Damar Banten – Pemerintah Kabupaten (Pemkab) Serang bersama DPRD Kabupaten Serang menyepakati Perubahan Anggaran Pendapatan dan Belanja Daerah (APBD) Kabupaten Serang Tahun Anggaran 2026 dalam rapat paripurna DPRD Kabupaten Serang, Rabu (16/9/2026).
Setelah melalui pembahasan bersama, APBD Perubahan 2026 mengalami sejumlah penyesuaian. Fokus anggaran tetap diarahkan pada pelayanan dasar dan kepentingan masyarakat.
Bupati Serang Ratu Rachmatuzakiyah mengatakan, rapat paripurna tersebut menjadi momentum penting bagi keberlanjutan pembangunan di Kabupaten Serang.
Menurutnya, Pemkab Serang bersama DPRD telah melewati seluruh rangkaian pembahasan Rancangan Peraturan Daerah tentang Perubahan APBD Tahun 2026.
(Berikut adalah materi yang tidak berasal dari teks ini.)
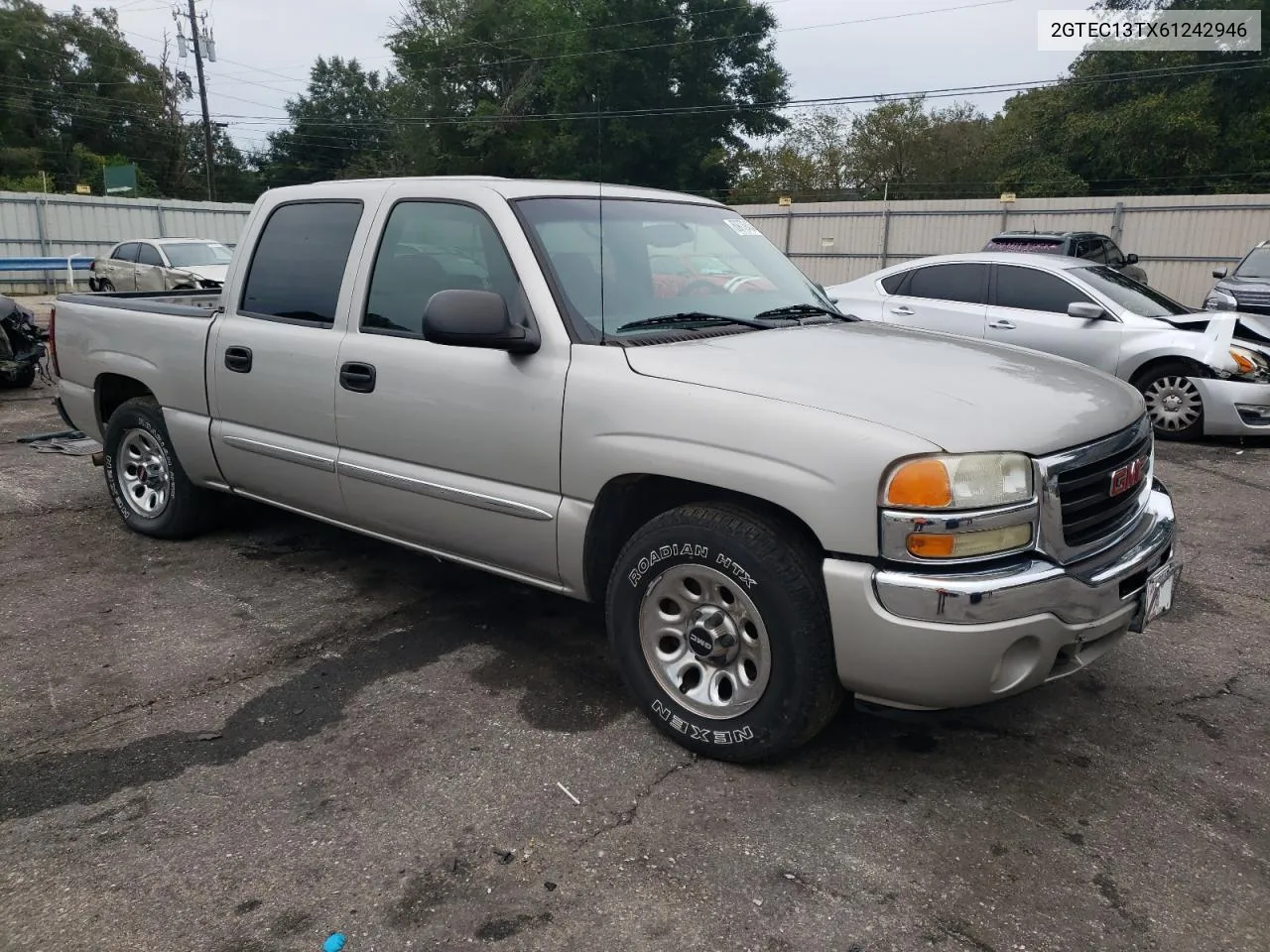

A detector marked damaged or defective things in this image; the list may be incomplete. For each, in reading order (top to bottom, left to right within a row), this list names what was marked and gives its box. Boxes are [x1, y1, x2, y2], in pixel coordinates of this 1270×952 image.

damaged vehicle [88, 237, 232, 292]
damaged vehicle [0, 294, 47, 391]
damaged vehicle [829, 254, 1262, 444]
“Saya atas nama Pemkab Serang menyampaikan apresiasi dan terima kasih kepada pimpinan dan seluruh anggota DPRD, khususnya badan anggaran dan komisi-komisi, yang telah mencurahkan waktu, energi, dan pikiran untuk mengkaji, membahas, serta memberikan masukan demi penyempurnaan Raperda Perubahan APBD 2026 ini,” katanya dalam rapat paripurna, Rabu (16/9/2026).
Ia menilai, sinergi antara legislatif dan eksekutif menunjukkan komitmen bersama dalam mengawal tata kelola keuangan daerah yang transparan, akuntabel, dan berorientasi pada kepentingan masyarakat.
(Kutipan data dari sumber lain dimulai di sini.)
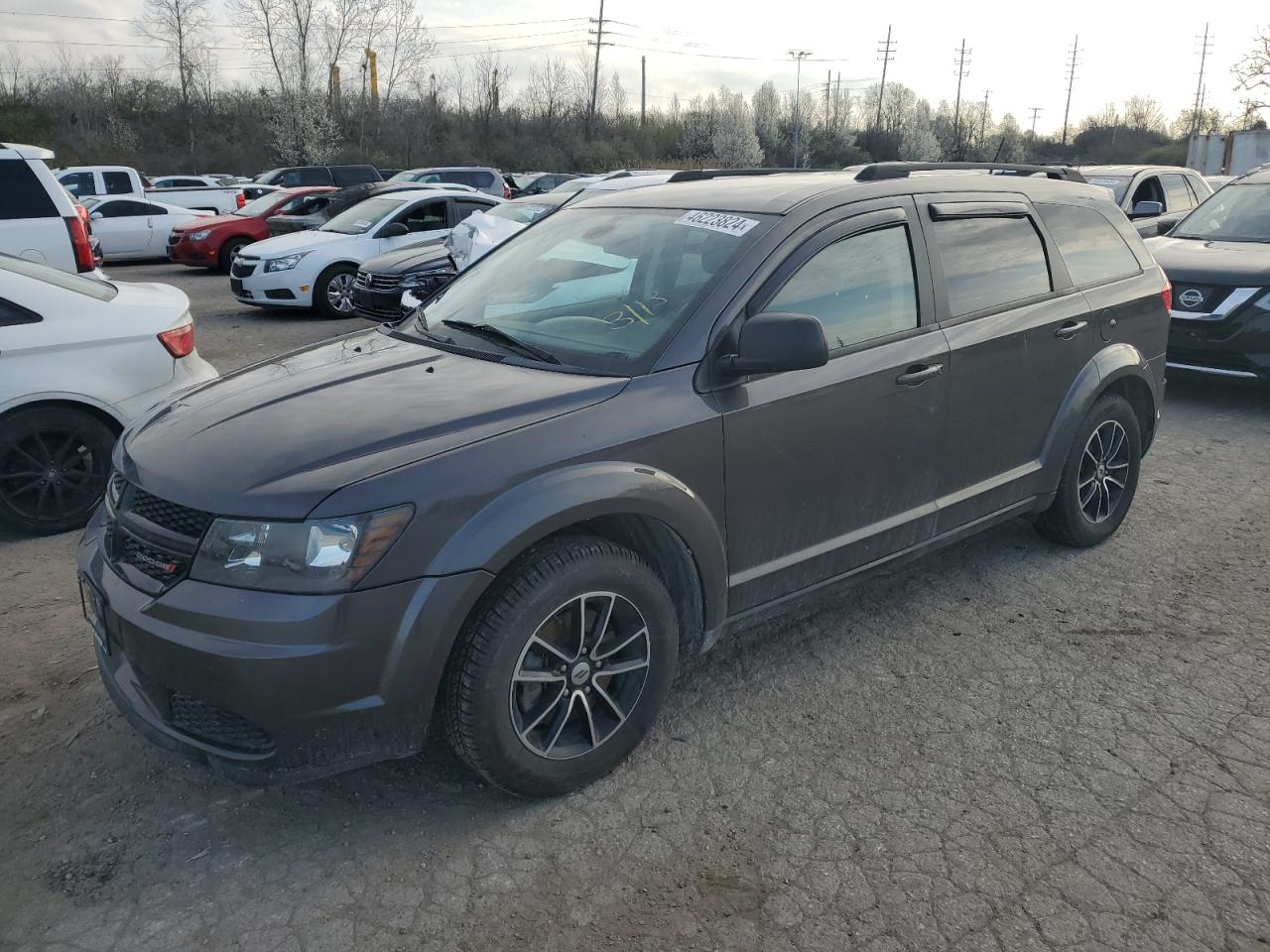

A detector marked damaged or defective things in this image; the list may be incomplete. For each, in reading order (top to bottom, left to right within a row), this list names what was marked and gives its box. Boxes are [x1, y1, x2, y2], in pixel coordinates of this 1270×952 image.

cracked pavement [2, 265, 1270, 949]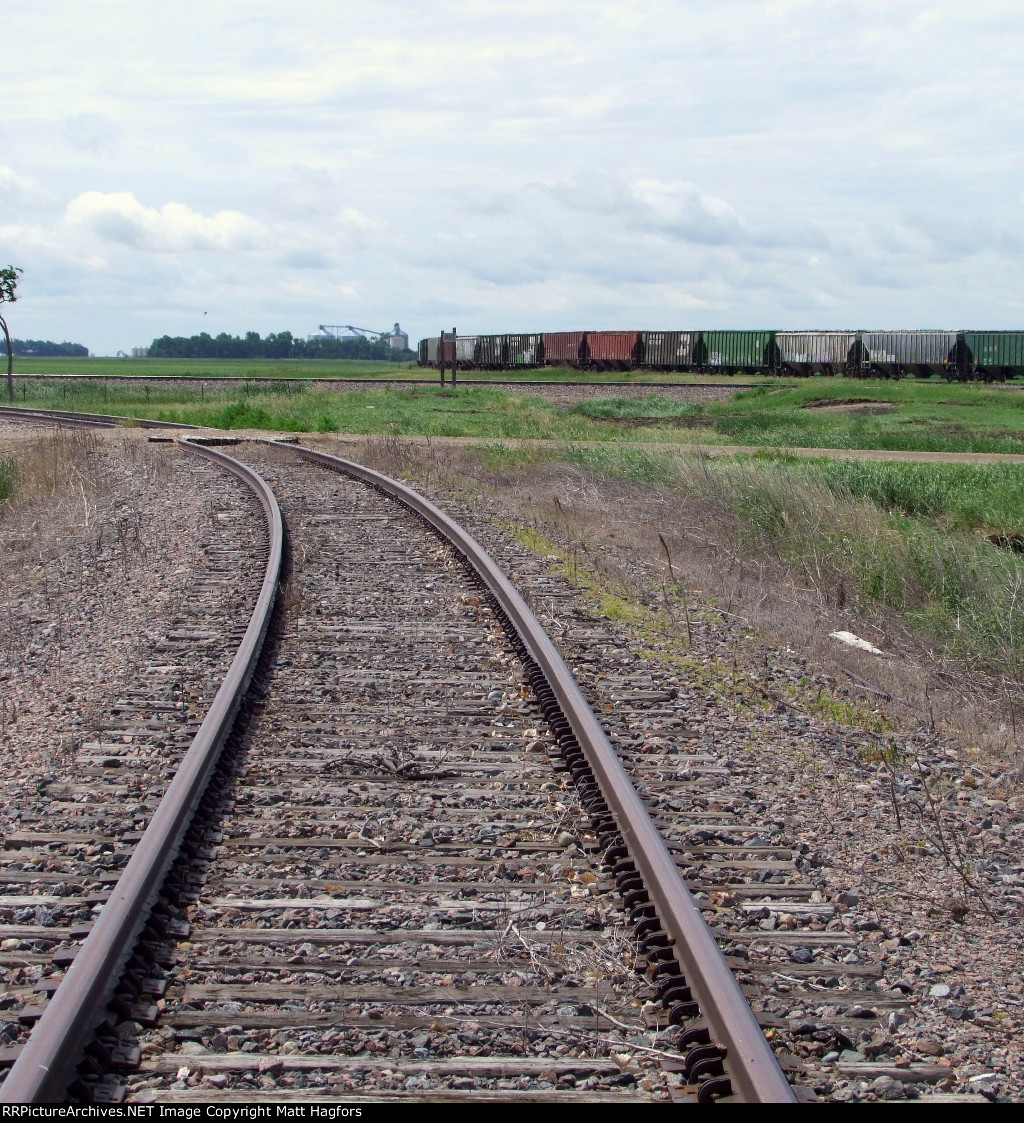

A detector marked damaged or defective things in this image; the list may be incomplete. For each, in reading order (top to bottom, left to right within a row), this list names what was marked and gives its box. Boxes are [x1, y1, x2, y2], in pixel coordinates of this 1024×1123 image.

rusty rail [0, 438, 282, 1104]
rusty rail [282, 442, 800, 1096]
Bupati mengatakan, perubahan APBD disusun berdasarkan dinamika kebijakan fiskal, penyesuaian pendapatan transfer dari pemerintah pusat dan provinsi, serta evaluasi terhadap capaian program yang sedang berjalan.
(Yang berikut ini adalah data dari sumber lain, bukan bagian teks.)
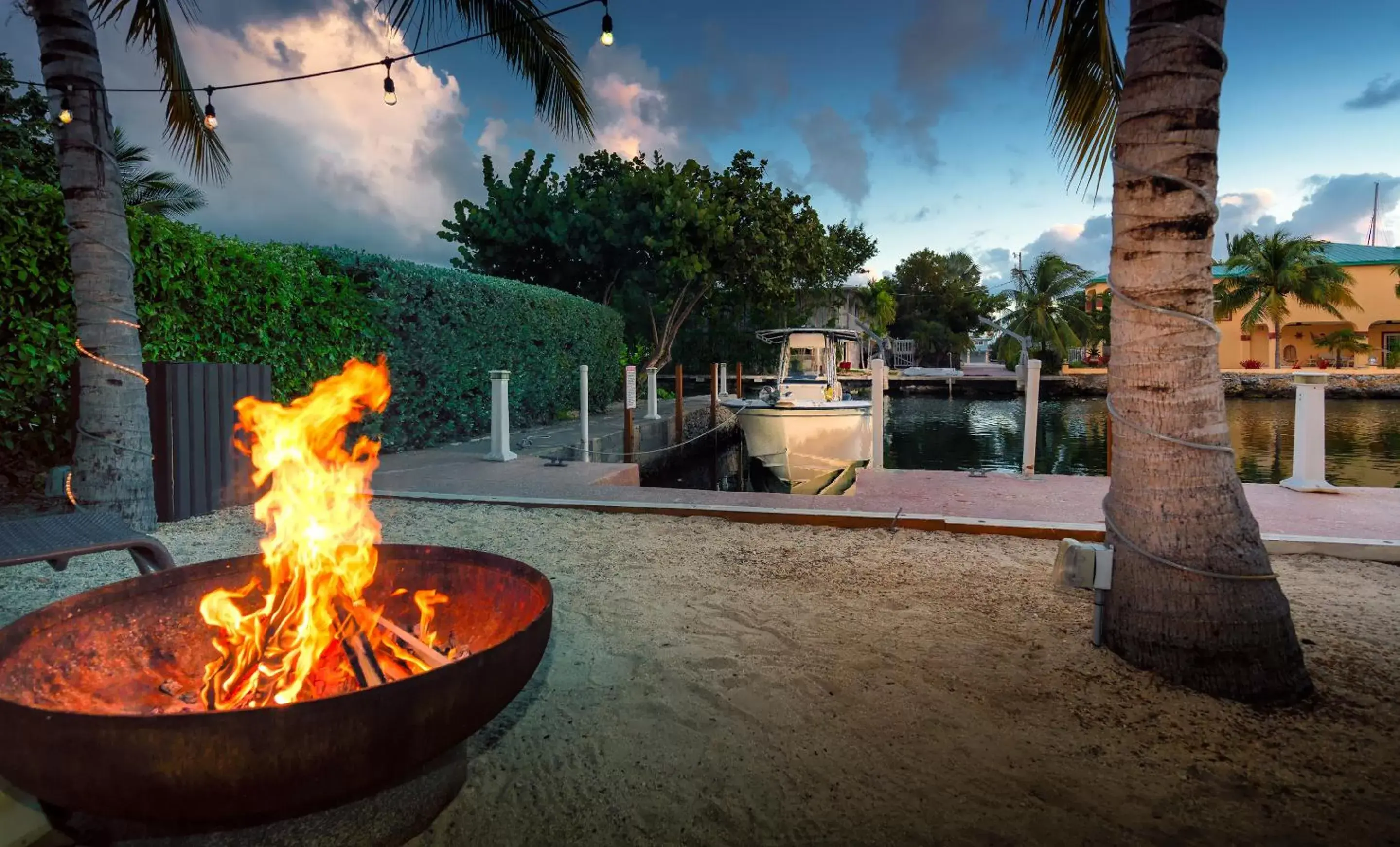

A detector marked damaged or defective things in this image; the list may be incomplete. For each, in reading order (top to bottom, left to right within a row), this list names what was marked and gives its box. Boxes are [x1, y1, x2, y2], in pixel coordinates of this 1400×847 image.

rusted metal fire bowl [0, 540, 551, 823]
Melalui perubahan tersebut, Pemkab Serang memfokuskan anggaran untuk mengakselerasi pembangunan infrastruktur wilayah, meningkatkan pelayanan publik, serta memperkuat sektor pendidikan dan kesehatan.
Struktur Perubahan APBD
Berdasarkan hasil pembahasan bersama, pendapatan daerah yang semula diajukan sebesar Rp3,346 triliun mengalami kenaikan sebesar Rp255 juta.
Belanja daerah mengalami penyesuaian sebesar Rp39,340 juta sehingga menjadi Rp3,468 triliun. Sementara penerimaan pembiayaan tetap sebesar Rp125,077 miliar.
Sedangkan pengeluaran pembiayaan yang semula diajukan sebesar Rp2,5 miliar bertambah Rp294 juta menjadi Rp2,794 miliar.
Dengan demikian, pendapatan daerah setelah perubahan menjadi Rp3,346 triliun, sedangkan belanja daerah sebesar Rp3,468 triliun. Kondisi tersebut menghasilkan defisit sebesar Rp122 juta.
Defisit tersebut ditutup melalui pembiayaan netto sebesar Rp122 juta yang berasal dari selisih antara penerimaan pembiayaan dan pengeluaran pembiayaan.
“Angka-angka bukan sekadar hitungan teknis, tapi gambaran dari arah kebijakan kita untuk memastikan setiap rupiah yang dikelola benar-benar membawa manfaat bagi masyarakat,” ujar Ratu.
Ia menegaskan, pengelolaan APBD membutuhkan sinergi antara pemerintah daerah, DPRD, dan dukungan masyarakat.
“Kita harus bersama-sama menghadirkan tata kelola keuangan daerah yang sehat, transparan, dan berpihak pada kepentingan rakyat. Karena itu, saya menyampaikan apresiasi dan terima kasih kepada pimpinan dan anggota dewan atas kerja sama yang selama ini terjalin baik,” katanya.
Ratu berharap APBD Perubahan 2026 dapat memberikan manfaat sebesar-besarnya bagi masyarakat Kabupaten Serang.
“Saya percaya dengan kolaborasi kita semua, kita mampu terus bergerak maju dan menghadirkan kebahagiaan bagi seluruh warga,” tegasnya.
Sementara itu, Ketua DPRD Kabupaten Serang H Bahrul mengatakan, anggaran daerah harus memberikan dampak terhadap kesejahteraan masyarakat.
“Anggaran ini harus digunakan untuk kepentingan sebesar-besarnya bagi rakyat Kabupaten Serang,” katanya.
Ia berharap kesepakatan APBD Perubahan tersebut dapat mendukung pelaksanaan program pembangunan dan pelayanan publik di Kabupaten Serang sehingga manfaatnya dapat dirasakan langsung oleh masyarakat.